▸ **To do**
Write out only the lines running from the one that contains "Всесезонные автомобильные шины" to the end of the material, both ends included.

-=-=-

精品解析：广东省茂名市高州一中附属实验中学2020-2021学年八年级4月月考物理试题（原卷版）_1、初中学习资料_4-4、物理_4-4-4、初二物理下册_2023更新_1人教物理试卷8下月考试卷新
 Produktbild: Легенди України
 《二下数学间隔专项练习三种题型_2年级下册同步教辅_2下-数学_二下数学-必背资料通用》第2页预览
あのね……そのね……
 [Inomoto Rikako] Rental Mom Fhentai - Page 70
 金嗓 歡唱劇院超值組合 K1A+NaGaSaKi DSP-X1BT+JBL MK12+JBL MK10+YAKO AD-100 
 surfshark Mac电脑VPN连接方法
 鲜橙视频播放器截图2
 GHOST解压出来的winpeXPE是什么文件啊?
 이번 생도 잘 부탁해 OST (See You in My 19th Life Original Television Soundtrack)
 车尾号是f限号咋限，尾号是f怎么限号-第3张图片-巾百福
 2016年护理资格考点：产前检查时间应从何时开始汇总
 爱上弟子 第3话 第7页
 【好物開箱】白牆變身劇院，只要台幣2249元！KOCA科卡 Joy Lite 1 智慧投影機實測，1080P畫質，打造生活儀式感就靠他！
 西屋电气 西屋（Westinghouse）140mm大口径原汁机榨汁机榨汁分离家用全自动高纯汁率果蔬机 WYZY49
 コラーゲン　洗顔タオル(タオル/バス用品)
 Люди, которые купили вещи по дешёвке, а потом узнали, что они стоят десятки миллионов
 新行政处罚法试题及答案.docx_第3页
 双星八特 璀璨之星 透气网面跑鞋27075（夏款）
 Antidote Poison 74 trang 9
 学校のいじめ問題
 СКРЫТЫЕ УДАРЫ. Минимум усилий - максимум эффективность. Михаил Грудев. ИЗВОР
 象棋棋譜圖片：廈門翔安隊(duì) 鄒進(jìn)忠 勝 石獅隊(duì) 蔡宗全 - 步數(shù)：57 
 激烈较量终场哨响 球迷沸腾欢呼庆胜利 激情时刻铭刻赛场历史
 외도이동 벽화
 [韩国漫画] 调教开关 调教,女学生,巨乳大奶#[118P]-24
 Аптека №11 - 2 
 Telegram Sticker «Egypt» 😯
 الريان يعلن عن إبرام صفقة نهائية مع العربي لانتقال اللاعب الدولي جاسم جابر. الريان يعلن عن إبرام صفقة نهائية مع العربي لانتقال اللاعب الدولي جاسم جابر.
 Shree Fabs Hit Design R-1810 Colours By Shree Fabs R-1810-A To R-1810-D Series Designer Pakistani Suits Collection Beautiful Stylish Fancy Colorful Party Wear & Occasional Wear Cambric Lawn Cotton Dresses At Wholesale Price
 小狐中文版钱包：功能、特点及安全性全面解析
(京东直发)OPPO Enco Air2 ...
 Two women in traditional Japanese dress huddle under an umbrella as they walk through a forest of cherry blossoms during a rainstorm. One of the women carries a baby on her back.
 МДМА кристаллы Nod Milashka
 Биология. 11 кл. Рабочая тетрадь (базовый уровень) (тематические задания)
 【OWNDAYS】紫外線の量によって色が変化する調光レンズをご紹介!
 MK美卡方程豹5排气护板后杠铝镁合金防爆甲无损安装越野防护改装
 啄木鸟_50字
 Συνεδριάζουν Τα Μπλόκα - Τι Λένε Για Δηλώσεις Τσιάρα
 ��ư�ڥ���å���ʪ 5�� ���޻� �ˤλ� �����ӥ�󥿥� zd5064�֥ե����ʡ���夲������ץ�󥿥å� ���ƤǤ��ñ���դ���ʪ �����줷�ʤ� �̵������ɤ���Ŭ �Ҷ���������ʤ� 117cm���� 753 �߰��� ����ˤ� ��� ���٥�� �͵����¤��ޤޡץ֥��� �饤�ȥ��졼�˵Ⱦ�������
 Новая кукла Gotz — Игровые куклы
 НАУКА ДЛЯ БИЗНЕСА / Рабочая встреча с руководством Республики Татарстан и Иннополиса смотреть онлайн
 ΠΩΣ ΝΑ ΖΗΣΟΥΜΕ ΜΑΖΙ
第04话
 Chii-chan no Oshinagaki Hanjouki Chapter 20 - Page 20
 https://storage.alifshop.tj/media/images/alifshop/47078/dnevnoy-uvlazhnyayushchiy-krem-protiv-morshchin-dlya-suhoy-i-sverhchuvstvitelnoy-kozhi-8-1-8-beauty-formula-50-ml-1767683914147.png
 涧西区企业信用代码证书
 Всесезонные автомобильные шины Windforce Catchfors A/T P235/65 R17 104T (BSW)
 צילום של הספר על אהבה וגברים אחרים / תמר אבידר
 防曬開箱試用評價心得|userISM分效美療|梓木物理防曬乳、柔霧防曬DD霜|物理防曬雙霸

-=-=-

▸ **Exercise output**
 Всесезонные автомобильные шины Windforce Catchfors A/T P235/65 R17 104T (BSW)
 צילום של הספר על אהבה וגברים אחרים / תמר אבידר
 防曬開箱試用評價心得|userISM分效美療|梓木物理防曬乳、柔霧防曬DD霜|物理防曬雙霸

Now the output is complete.